Después de las grandes oleadas de migración y el terrorismo estamos empezando a darnos cuenta de cosas que han estado ocurriendo durante largo tiempo. Hoy fui a almorzar a un restaurante que no es de comida fusión y donde el chef no es alguien que ha venido después de someterse a Ferran Adriá (considerado por muchos como el mejor chef del mundo). Hay escabeche, patitas de chancho, ceviche, seco, y el ambiente está lleno de elementos que yo reconozco porque los mismos habían en mi jato -y mi jato era misia-: los vasos que te regalaba cerveza Cristal, los platos chinos con las flores mal estampadas, los pomos con galletas de animalitos que comprabas a granel. Están esos elementos, pero en un lugar donde el ceviche te cuesta 70 lucas y todo es caro. Ahí están todas las tías fichonas agarrando esos objetos que empiezan a tener valor, objetos que en los ochentas era los objetos de los cholos. ¿Qué está pasando? Sí, estamos revalorizando, pero esta revalorización también nos habla de un país ahuevado, de un país que necesita que pasen treinta años para darse cuenta de cosas que siempre han estado ahí. ¿Cuántas cosas que ahorita estamos aplastando vamos a valorar de acá a treinta años?
En el libro te limitas a contar las historias que retratas. ¿Hasta qué punto consideras que son también una revalorización u homenaje a esas comunidades?
Por lo menos en las primeras historias lo que hay es un descubrimiento. Mi familia no viajaba porque eran años duros y no era fácil tomar vacaciones. En el texto final cuento que la primera vez que me fui de viaje solo, en el 95, tuvo como final un retén militar que no pude cruzar porque el MRTA había atacado la zona días antes. En los años 2000, cuando ya existe algo parecido a la paz, empecé a viajar a los lugares donde antes no se podía. Recién estamos descubriendo el país. El libro creo que tiene la mirada de alguien que se está fascinando por ese lugar que antes estaba oculto.
Mencionaste que haz llegado a una especie de azotea desde la que ahora puedes ver tu biografía. Antes de partir a Maine, cuando habías creado Cometa, por el tipo de preguntas que te hacían cuando presentabas un nuevo número, te habías transformado en una especie de gurú de los nuevos medios e incluso llegaste a calificar a Cometa como "el sueño que nunca habías pensado tener". ¿Cuán difícil fue dejar eso atrás y llegar a esa azotea?

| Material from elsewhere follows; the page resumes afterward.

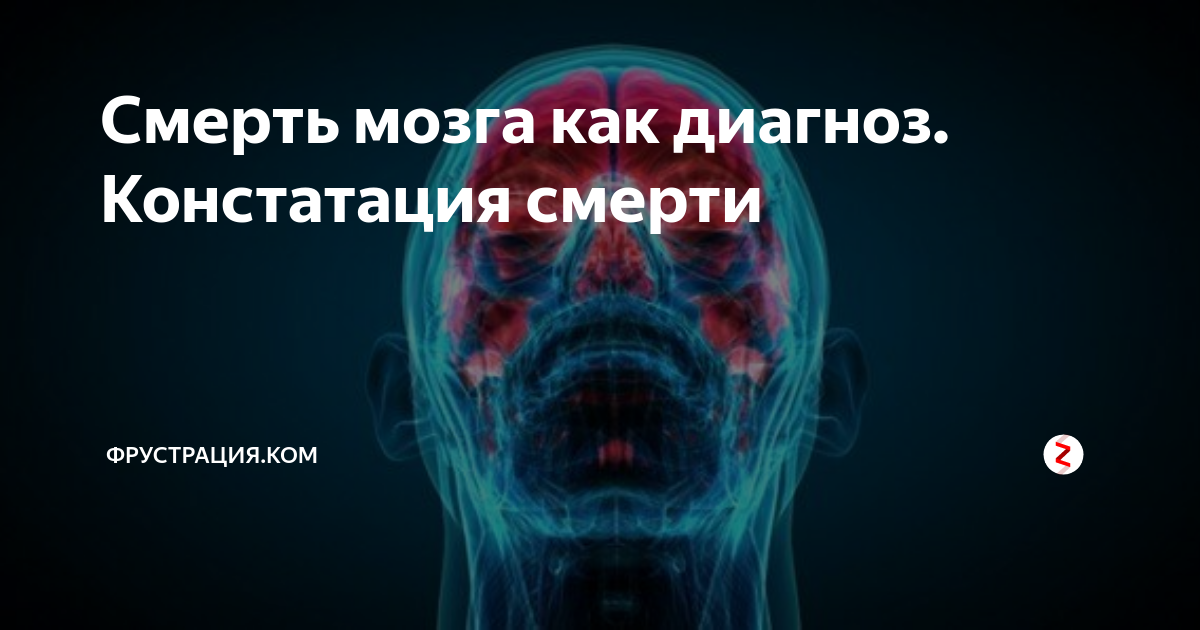 Кома мозг умирает. Смерть мозга. Назовите исследование констатирующее смерть мозга. Смерть мозга клинические рекомендации.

No fue tan dificil porque Cometa evolucionó muy rápido y así de rápido también llegó a un punto crítico. Trabajabamos mucho con Daniel Silva, las empresas nos llamaban, pero también nos dimos cuenta que no era lo que queríamos hacer. Yo siempre había querido escribir y en esa época no lo hacía. Hubo un cansancio. Para entonces, con mi novia vivíamos entre Maine y Lima y extrañar es recontra jodido. De chibolo uno puede decir que el amor no puede ser más importante que tu carrera, pero no se trata de eso. Se trata de tomar las decisiones correctas y esa era salvar el amor y mi carrera de escritor. Las renuncias también son una forma de salvar algo de ti que no quieres que la rutina termine matando.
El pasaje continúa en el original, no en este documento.